Шрифт:
Интервал:
Закладка:
Не могу не упомянуть здесь и о пленных. В Борисоглебске было порядочное число австрийских офицеров. Я с ними не был знаком, но через нашего друга Франца Климека они знали обстоятельства нашего житья, и, несмотря на отсутствие личного знакомства, я чувствовал, что установилась издали симпатия. Они не пропускали ни концерта, ни спектакля, тем более что в концертах всегда участвовал один молодой их соотечественник, игравший на скрипке, по имени Покорный.

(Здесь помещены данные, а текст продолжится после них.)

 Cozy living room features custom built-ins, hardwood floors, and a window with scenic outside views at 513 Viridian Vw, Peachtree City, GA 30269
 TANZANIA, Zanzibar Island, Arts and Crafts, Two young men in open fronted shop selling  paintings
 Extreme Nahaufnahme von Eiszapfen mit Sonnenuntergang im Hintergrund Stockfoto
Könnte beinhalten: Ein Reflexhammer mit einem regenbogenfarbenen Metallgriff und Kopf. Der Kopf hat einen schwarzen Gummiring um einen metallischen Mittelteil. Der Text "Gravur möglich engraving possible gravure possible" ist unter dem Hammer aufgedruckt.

Раз приходит ко мне Покорный и говорит, что ввиду зловещих слухов австрийские офицеры поручили ему передать мне их приглашение укрыться у них и переночевать в их концентрационном лагере. Я, конечно, был глубоко благодарен, но австрийское гостеприимство отклонил. И я был вознагражден за мое воздержание: в ту ночь в австрийском лагере был обыск…

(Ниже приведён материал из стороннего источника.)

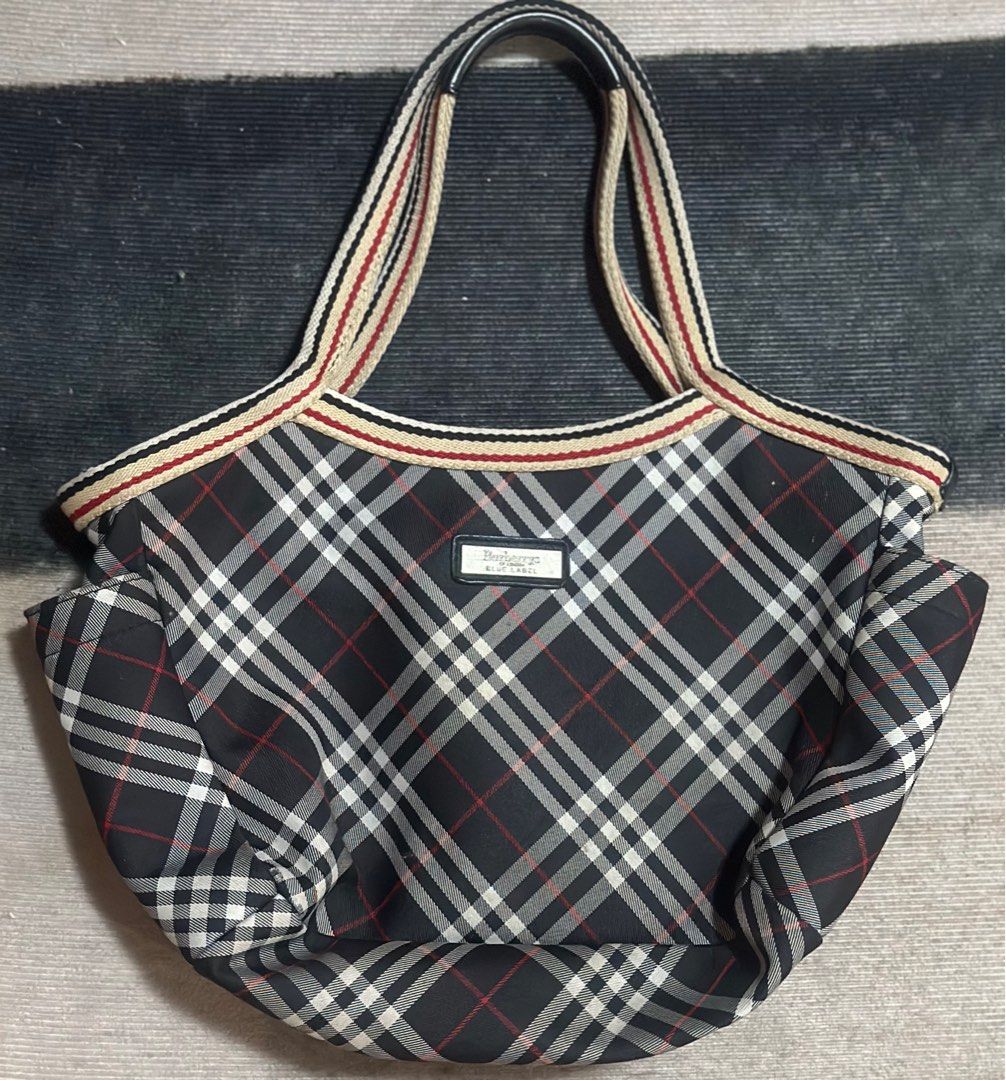Guaranteed Authentic Burberry Shoulder Bag (Category: Luxury Bags & Wallets) located in Quezon City. Submitted by donaya_luxe (Listing ID 1391980653, Image 1). Description: Original Burberry Blue Label Nova Check bag The tag inside the bag, which includes Japanese text and the company "株式会社 三陽商会" (Sanyo Shokai), indicates it is from the Burberry Blue Label line, which was a diffusion line specifically for the Japanese market. Dimension - approxim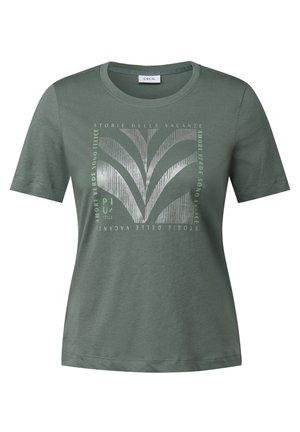 T-shirt à manches courtes verte avec un imprimé stylisé de feuilles et du texte en plusieurs langues, centré sur le devant.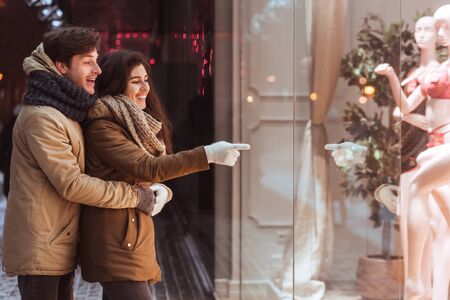 Loving Couple Doing Winter Shopping Standing Outdoor Of A Store And Pointing Finger At Shopwindow In Evening. Empty Spaceの写真素材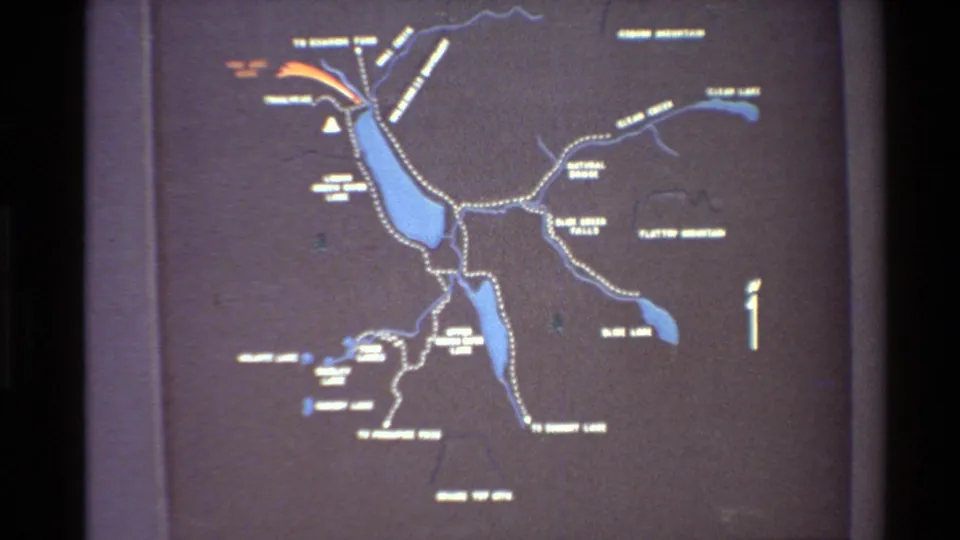 1980s home-movie frame with a broader view of a Western USA trail map, including lakes, routes, and white lettering.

Наши павловские пленные давно уже были переведены в Борисоглебск, и Франц с Людвигом часто заходили, помогали работою по дому, по огороду. Они хорошо знали город, его настроения, и многим мы обязаны их предусмотрительному оповещению… Был еще у нас один Франц; этот был караульным при доме; в отличие от Климека и «русского Франца» его звали «другой Франц». С ним связана память о пасхальной ночи. Я спал. Вдруг слышу, будит меня торопливый голос — насколько литвин способен на торопливость; голос русского Франца: «Одевайтесь скорей, стреляют». Вскакиваю. Выхожу на крыльцо — через двор наш пули летают. Это из «главной квартиры», из Европейской гостиницы. Двор был залит луной; на противоположной стороне под высоким забором узнаю в тени очертания Елены Николаевны и караульного Франца. Меня подзывают. Что происходит, неизвестно, но оставаться под этими пулями и рисковать, что, может быть, придут, нельзя было. Франц стал на четвереньки, и мы, использовав его спину как подножку, перелезли через забор во двор земской больницы и тут же под забором прикорчились между грудой бревен около покойницкой. К утру все утихло: мы прошли через больницу и вместе с солнцем вышли на улицу… Этот Франц впоследствии женился на горничной Елены Николаевны, эстонке, и в 1921 году, уезжая на родину, они зашли к нам в Москве; к сожалению, никого не было дома…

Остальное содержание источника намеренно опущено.